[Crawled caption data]
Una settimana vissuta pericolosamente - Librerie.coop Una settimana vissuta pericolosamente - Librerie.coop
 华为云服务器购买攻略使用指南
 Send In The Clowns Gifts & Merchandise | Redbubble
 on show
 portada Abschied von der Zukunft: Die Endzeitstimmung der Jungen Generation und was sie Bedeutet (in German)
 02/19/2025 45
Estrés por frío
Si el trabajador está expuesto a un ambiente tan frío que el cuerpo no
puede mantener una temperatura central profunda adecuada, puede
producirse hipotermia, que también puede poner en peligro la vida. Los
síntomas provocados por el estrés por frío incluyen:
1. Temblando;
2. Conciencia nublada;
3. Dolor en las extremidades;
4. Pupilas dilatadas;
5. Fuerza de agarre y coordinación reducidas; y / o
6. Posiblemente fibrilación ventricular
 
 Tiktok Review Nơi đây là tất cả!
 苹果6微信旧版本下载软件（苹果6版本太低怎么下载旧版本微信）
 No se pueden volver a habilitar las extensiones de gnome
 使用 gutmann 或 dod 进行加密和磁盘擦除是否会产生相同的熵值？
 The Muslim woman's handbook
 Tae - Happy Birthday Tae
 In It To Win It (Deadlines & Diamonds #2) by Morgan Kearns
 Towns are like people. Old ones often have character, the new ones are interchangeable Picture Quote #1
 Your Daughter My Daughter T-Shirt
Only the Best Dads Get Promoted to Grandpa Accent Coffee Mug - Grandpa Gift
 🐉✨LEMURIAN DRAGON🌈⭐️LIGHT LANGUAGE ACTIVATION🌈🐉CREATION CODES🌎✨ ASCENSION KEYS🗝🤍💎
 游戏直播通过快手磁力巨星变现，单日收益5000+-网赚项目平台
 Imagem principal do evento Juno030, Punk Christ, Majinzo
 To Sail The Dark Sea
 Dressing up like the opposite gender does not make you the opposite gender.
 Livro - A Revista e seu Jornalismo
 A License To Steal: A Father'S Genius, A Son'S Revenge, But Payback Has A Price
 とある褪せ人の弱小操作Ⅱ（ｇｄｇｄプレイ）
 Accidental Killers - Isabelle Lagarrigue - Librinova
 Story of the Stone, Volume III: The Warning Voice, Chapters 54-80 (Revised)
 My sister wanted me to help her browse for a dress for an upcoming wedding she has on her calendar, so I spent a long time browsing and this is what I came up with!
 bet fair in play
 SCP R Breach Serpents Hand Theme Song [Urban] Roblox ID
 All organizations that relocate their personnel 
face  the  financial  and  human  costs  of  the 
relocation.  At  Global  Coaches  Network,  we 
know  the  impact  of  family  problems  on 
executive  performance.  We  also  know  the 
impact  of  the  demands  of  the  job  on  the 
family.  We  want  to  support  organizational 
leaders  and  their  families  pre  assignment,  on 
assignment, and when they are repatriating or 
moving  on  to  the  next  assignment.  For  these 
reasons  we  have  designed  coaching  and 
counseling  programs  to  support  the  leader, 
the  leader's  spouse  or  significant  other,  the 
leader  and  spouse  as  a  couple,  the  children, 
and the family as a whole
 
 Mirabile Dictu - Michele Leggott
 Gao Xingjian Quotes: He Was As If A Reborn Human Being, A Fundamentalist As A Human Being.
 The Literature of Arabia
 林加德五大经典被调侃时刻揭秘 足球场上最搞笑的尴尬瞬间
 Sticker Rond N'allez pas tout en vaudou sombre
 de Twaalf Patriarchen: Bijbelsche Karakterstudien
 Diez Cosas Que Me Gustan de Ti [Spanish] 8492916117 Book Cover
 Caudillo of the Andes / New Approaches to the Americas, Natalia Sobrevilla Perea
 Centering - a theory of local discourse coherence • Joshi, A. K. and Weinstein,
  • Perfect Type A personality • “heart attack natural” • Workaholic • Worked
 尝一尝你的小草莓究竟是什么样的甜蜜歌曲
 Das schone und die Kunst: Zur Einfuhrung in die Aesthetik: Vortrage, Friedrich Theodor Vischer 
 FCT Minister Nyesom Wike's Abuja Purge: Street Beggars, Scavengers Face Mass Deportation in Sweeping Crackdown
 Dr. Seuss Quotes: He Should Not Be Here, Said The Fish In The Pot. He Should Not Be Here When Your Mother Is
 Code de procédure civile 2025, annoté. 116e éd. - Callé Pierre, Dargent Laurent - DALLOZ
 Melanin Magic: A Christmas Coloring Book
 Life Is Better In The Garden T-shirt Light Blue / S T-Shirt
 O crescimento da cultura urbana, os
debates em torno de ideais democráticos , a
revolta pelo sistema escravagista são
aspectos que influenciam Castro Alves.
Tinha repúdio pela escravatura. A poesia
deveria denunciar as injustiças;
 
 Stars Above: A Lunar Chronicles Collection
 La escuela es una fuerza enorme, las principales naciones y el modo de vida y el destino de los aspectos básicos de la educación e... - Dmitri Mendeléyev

How to complete this task: Where does the string "assignment" appear in the records? Copy every line that holds it.

Response to the exercise:
leaders  and  their  families  pre  assignment,  on 
assignment, and when they are repatriating or 
moving  on  to  the  next  assignment.  For  these 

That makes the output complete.